Compiled as Sam Mendes’s stylistically audacious World War I film, 1917, heads to theaters, this list opts for a somewhat narrow definition of a war movie, focusing on films that deal with the experiences of soldiers during wartime. That means no films about the experience of returning from war (Coming Home, The Best Years of Our Lives, First Blood) or of civilian life during wartime (Mrs. Miniver, Forbidden Games, Hope and Glory) or of wartime stories whose action rests far away from the battlefield (Casablanca). It also leaves films primarily about the Holocaust out of consideration, as they seem substantively different from other sorts of war films. Also excluded are films that blur genres, like the military science fiction of Starship Troopers and Aliens (even if the latter does have a lot to say about the Vietnam War). That eliminates many great movies, but it leaves room for many others, starting with a film made at the height of World War II in an attempt to help rally a nation with a story of an operation whose success required secrecy, extensive training, and beating overwhelming odds.

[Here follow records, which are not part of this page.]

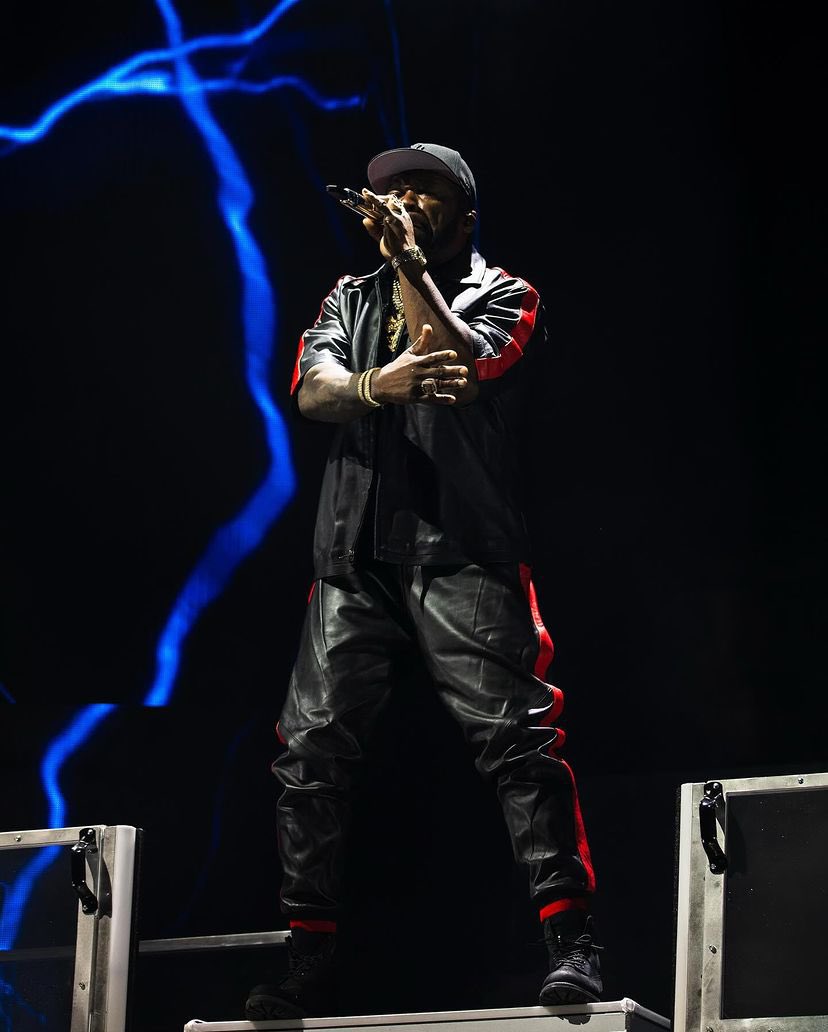 50cent's tweet photo. Berlin Germany 🇩🇪 SOLD OUT, The 3 headed monster is still alive EMINEM, 50CENT, Dr Dre 💣BOOM💨#bransoncognac #lecheminduroi https://t.co/KvSBhvlBsm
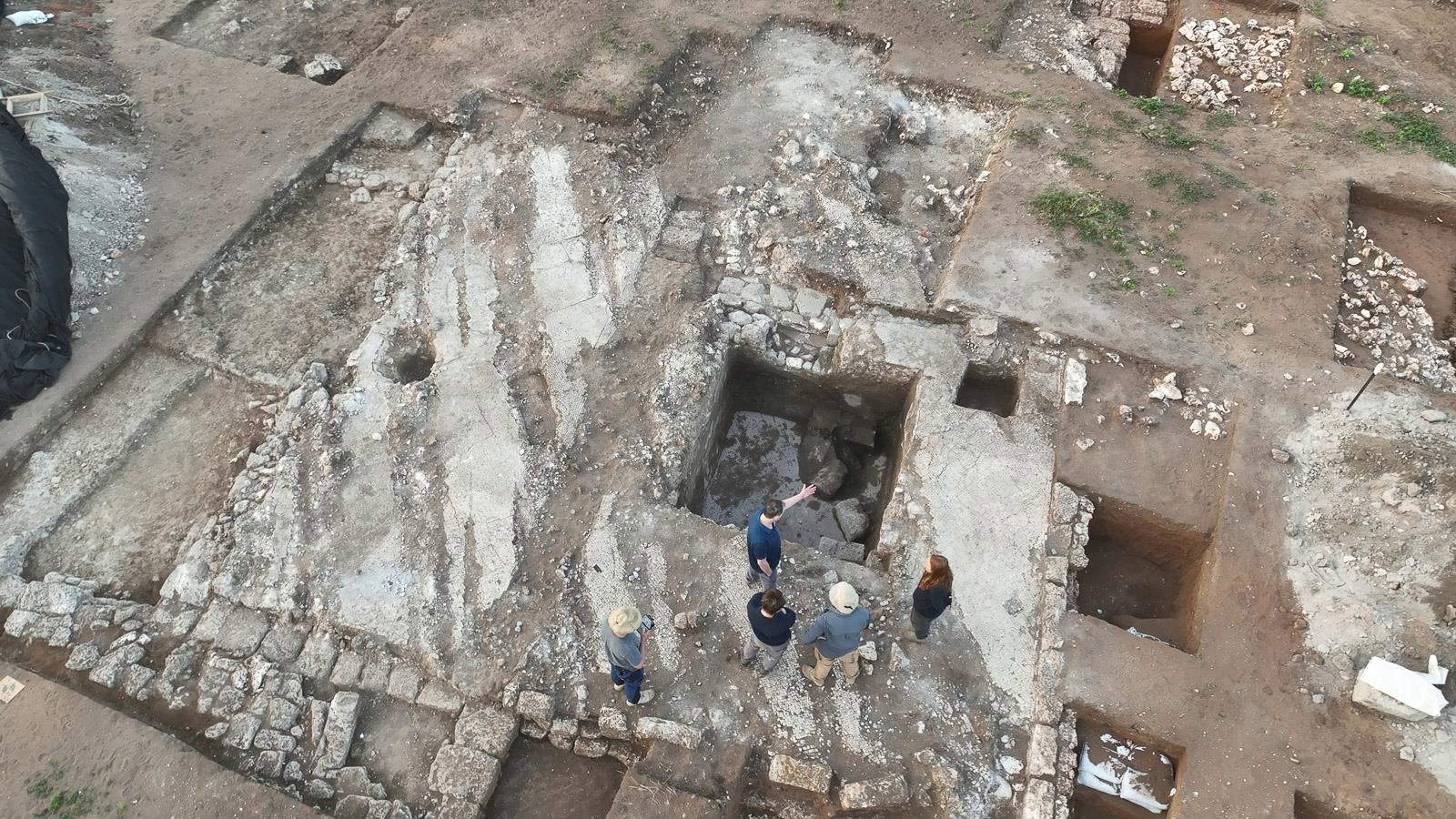 À droite : le site de fouilles où les statues ont été découvertes. À gauche : l'une des statues telle qu'elle a été retrouvée sur place. Photos : Shatil Immanuelov, Eliran Oren (Autorité israélienne des antiquités)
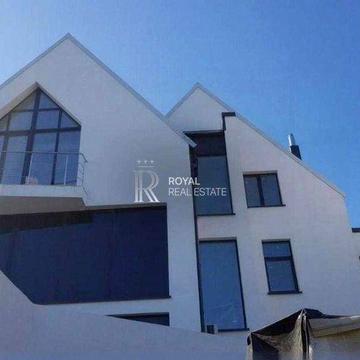 Оренда будинку 370 м² на Печерську Під офіс або житло Генератор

Casualties Of War places at #44 on Phipps' list:
Brian De Palma’s brutal, fact-inspired film about the kidnapping, rape, and murder of a young Vietnamese woman didn’t catch on with audiences, helping to end the cycle of ’80s Vietnam War films and sidelining star Michael J. Fox’s attempt to cross over to more dramatic roles. It remains a tough film to watch, in part because De Palma shifts his skills as a creator of tense suspense films to a story of unbearable sadness in which a group of American soldiers (whose ranks include John C. Reilly and John Leguizamo in their film debuts) uses the permission of a violent, charismatic superior (Sean Penn) to engage in barbaric acts. Fox’s casting as the film’s moral center, and a man who suffers for his honesty, feels disorienting at first, but it works. Marty McFly looks out of place in such an awful situation, but that only drives the point home.